世界最高水準の遠赤外ジャイロトロン
赤外領域開発研究センターは、独自に開発した世界最高水準の遠赤外高出力光源「ジャイロトロン」を武器に、電波と光の中間に位置し、電磁波の「未踏領域」と言われている遠赤外(テラヘルツ)領域の総合的な開発・研究を行っています。
遠赤外(テラヘルツ)領域の世界的拠点
センターは、国内外多数の研究機関と学術交流協定や共同研究覚書を締結し、グローバルな共同研究と学術交流を展開し、遠赤外(テラヘルツ)領域研究の世界的な拠点として注目されています。
センターの概要
本センターが研究している遠赤外領域とは、きわめて広範な波長領域にわたる電磁波の内、可視光から見て赤外の次に波長が長く、およそ1mmから数10ミクロンの、電波と光の中間に位置する電磁波領域を指します。遠赤外領域はテラヘルツ領域と呼ばれることもあります。テラヘルツは周波数の単位で、テラヘルツ波の周波数は、携帯電話等の通信に用いられている電磁波(ギガヘルツ)の1000倍にあたります。

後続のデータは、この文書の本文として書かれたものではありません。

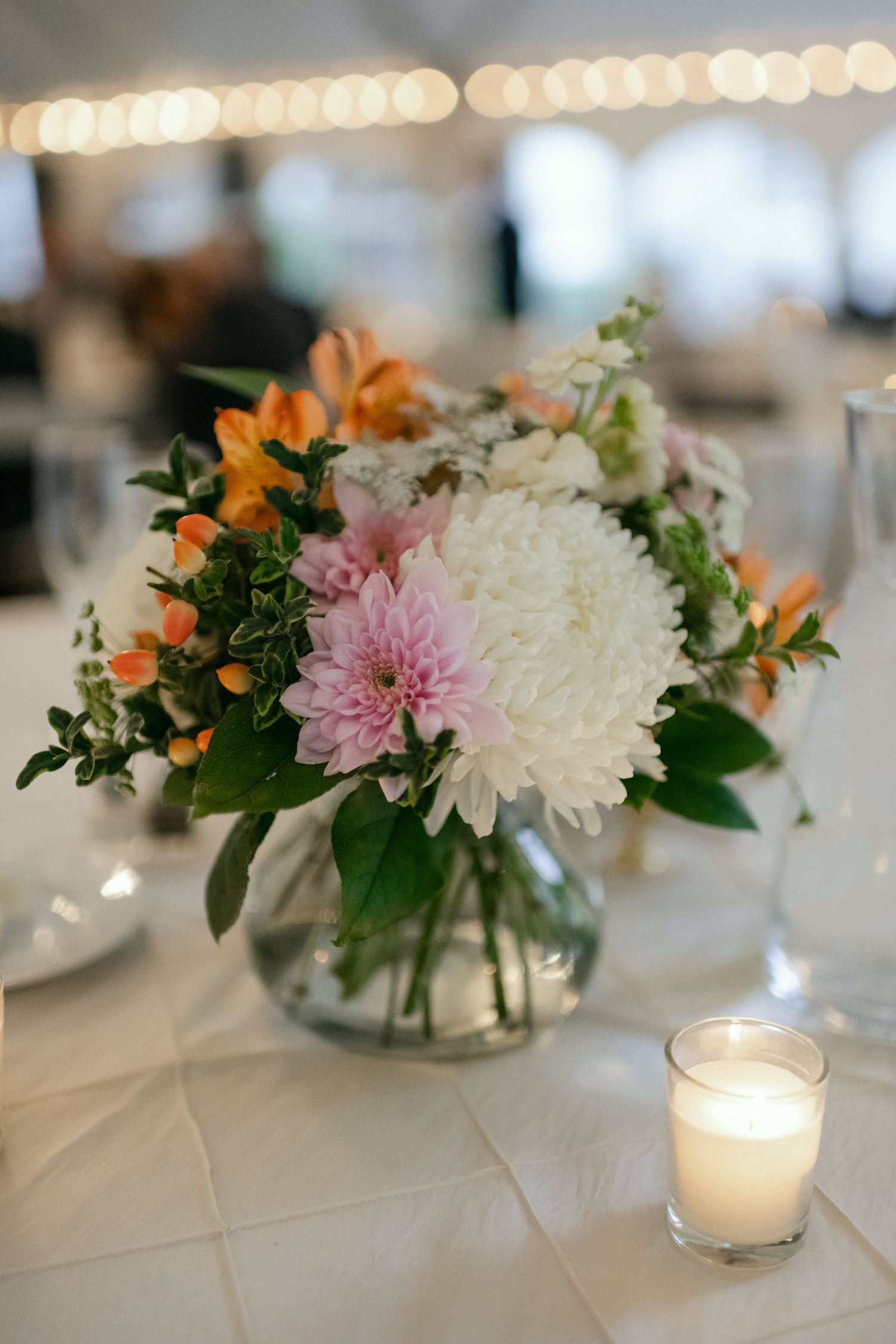 Elegant floral centerpiece with white chrysanthemums, pink dahlias, and orange lilies in a glass vase.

遠赤外(テラヘルツ)領域の電磁波は、光の直進性と電波の透過特性の両方を持ち、21世紀が必要とする画期的な新技術の宝庫です。
この電磁波領域は有効な光源の欠如のため、長年電磁波の未踏領域と呼ばれてきました。このことは逆に、この分野がこれから飛躍的に発展する可能性を秘めていることを意味します。センターでは、独自に開発した高出力遠赤外光源「ジャイロトロン」をさらに高度化する研究開発とともに、高出力遠赤外光源を用いて初めて可能になる遠赤外領域の先進的・先導的研究を行っています。
さらにレーザー光を利用した高いピーク強度のパルステラヘルツ波技術と分光技術を組み合わせたテラヘルツ科学の研究も推進しています。これにより、センターは高出力遠赤外/テラヘルツ波分野の我が国有数の研究拠点となっています。

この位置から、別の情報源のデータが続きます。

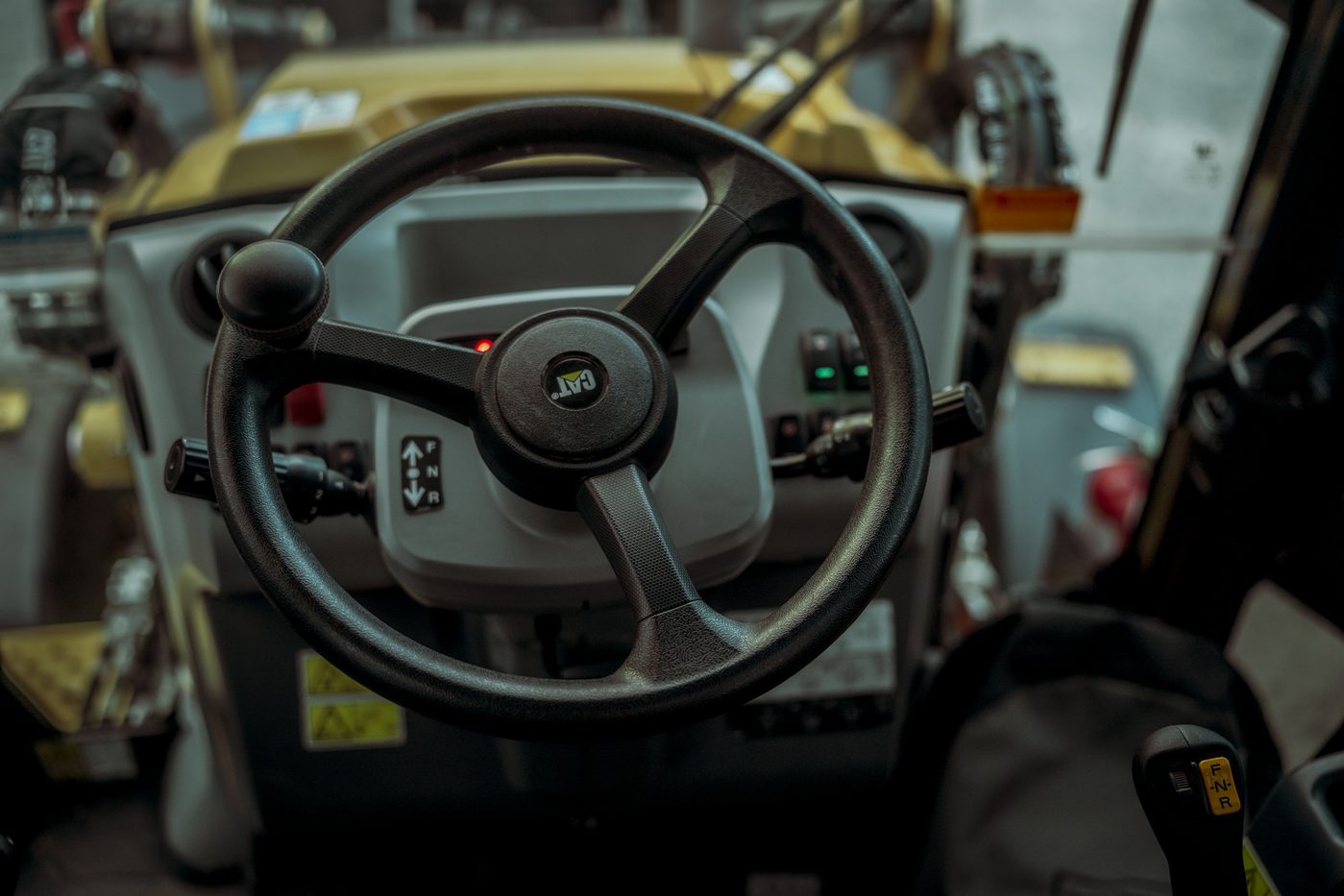 Steering wheel and cab interior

また、センターは国内外の研究機関とグローバルなネットワークを構築して、研究を推進しており、高出力遠赤外/テラヘルツ波分野における研究開発の世界的拠点としての役割が期待されています。
センターにおける研究開発目標
電磁波の未踏領域を解消するために:
- 高出力遠赤外(テラヘルツ)光源「ジャイロトロン」のさらなる高性能化を目指す。
- 高効率伝送系・高感度検出器等、遠赤外(テラヘルツ)の基礎・基盤技術の研究開発を推進する。
高周波ジャイロトロンの応用研究:
- パルスESR、非線形テラヘルツ波分光などの先進・先導的な計測応用研究を実施する。
- ジャイロトロンによる高出力遠赤外光(テラヘルツ波)を物質の反応/プロセス制御、機能性材料開発等に利用するパワー応用研究を実施する。
テラヘルツ波科学の推進:
- 新方式のテラヘルツ波発生・検出法、テラヘルツ分光法(THz-TDS)の開発により、生体分子や薬剤の計測・イメージング、テラヘルツ波環境計測や不規則凝縮相(溶液等)の超高速ダイナミクス等の研究を推進する。
新学術分野の創成:
- 上記の先導的研究を通じ、基礎物理学、物質・材料科学、エネルギー科学、生命科学等の領域にまたがる高出力遠赤外光(テラヘルツ波)利用による新学術分野の創成を目指す。
福井大学中期目標・中期計画におけるセンターの位置づけ
遠赤外領域の研究は、福井大学の重点研究分野として指定されており、第4 期中期目標・中期計画にも挙げられて
います。
Ⅰ教育研究の質の向上に関する事項
3 研究に関する目標を達成するための措置
(8) 地域から地球規模に至る社会課題を解決し、より良い社会の実現に寄与するため、研究により得られた科学的理論や基礎的知見の現実社会での実践に向けた研究開発を進め、社会変革につながるイノベーションの創出を目指す。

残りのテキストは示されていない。